Another option would be to annex it to Russia, though the Kremlin probably lacks the appetite to govern and rebuild these areas. A third would be to create another frozen conflict like those in Transnistria, in Moldova, and South Ossetia and Abkhazia, in Georgia, places where Russia has garrisoned its troops for years, essentially creating proxy pseudo-states to wield influence over those countries. Kyrylo Budanov, Ukraine’s head of military intelligence, says that Russia’s aim is to “create North and South Korea in Ukraine”.

 

Whatever the endgame, a military strategy that focuses on Donbas is a losing proposition. Grabbing chunks of Ukraine (or Georgia before that, and Moldova before that) and using them as leverage could be done at a tolerable economic and military price to Russia in 2014. Doing so now is a different matter. In an interview with The Economist in Kyiv on March 25th, Mr Zelensky suggested he was open to territorial compromises: “Our land is important, yes, but ultimately it’s just territory.” Two days later he told Russian journalists: “I understand it’s not possible to make Russia completely leave the [Donbas] territory—that’ll lead to world war three.” But even Mr Zelensky, wildly popular as he is, would probably be unable to persuade his compatriots to relinquish land beyond that which was lost in the Russian attacks of 2014-15.
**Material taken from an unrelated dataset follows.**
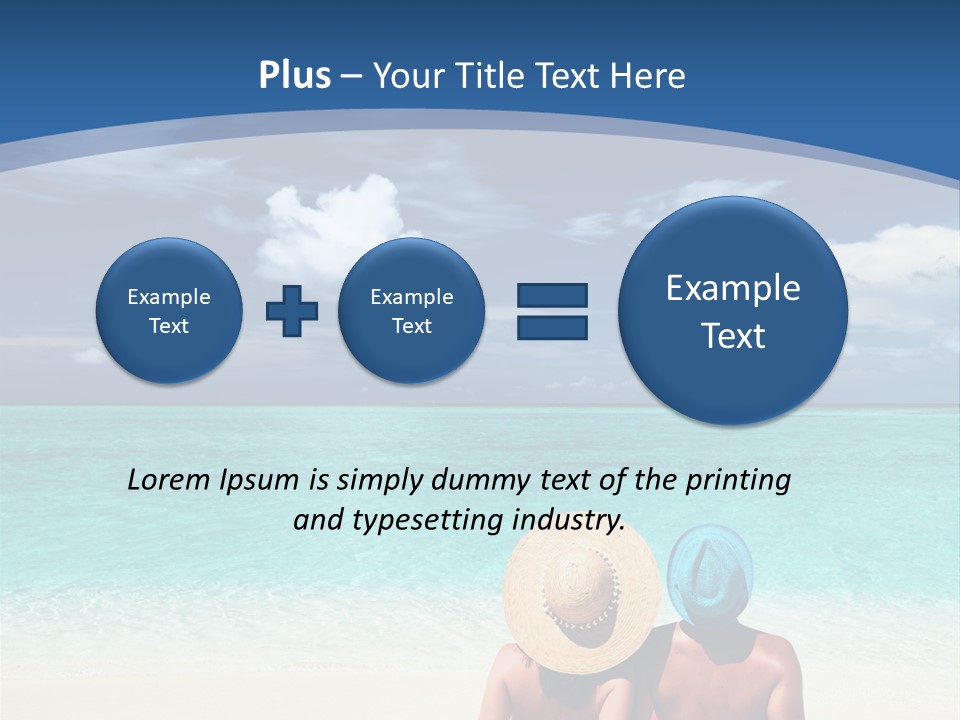 Leisure Travel Happiness PowerPoint Template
Russian occupation of the greater Donbas would thus come at a heavy cost. Ukraine’s armed forces, flush with confidence and Western weaponry, are likely to expand their counter-attacks; some even harbour hopes of driving Russia out entirely. Western countries—buoyed by Ukraine’s resilience, surprised by their own solidarity and wary of setting a precedent for other aggressors—are unlikely to lift sanctions as long as Russia hangs on to any of its new gains from this war. Those sanctions are suffocating Russia; S&P, a ratings agency, forecasts that its GDP will shrink by 22% this year, setting it back by 15 years.

The irony is that, had Mr Putin confined his war to the Donbas from the beginning, he might have split the West and avoided such punitive measures. Now the Kremlin faces an unappetising choice. It can have Mariupol—or it can have an economy.